═══ Material provided

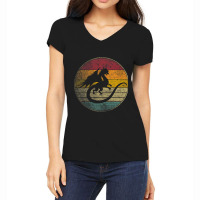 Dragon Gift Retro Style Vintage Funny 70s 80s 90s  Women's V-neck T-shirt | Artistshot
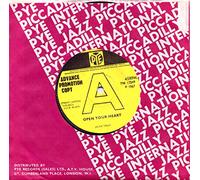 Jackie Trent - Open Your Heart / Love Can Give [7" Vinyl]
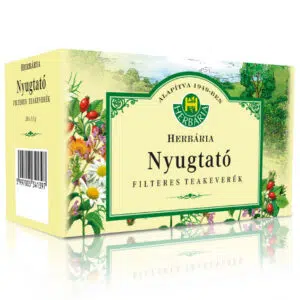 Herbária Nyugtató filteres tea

══════

> _About this task_
Set the listing down exactly, without its pictures.

> _Completed task_
 Dragon Gift Retro Style Vintage Funny 70s 80s 90s  Women's V-neck T-shirt | Artistshot
 Jackie Trent - Open Your Heart / Love Can Give [7" Vinyl]
 Herbária Nyugtató filteres tea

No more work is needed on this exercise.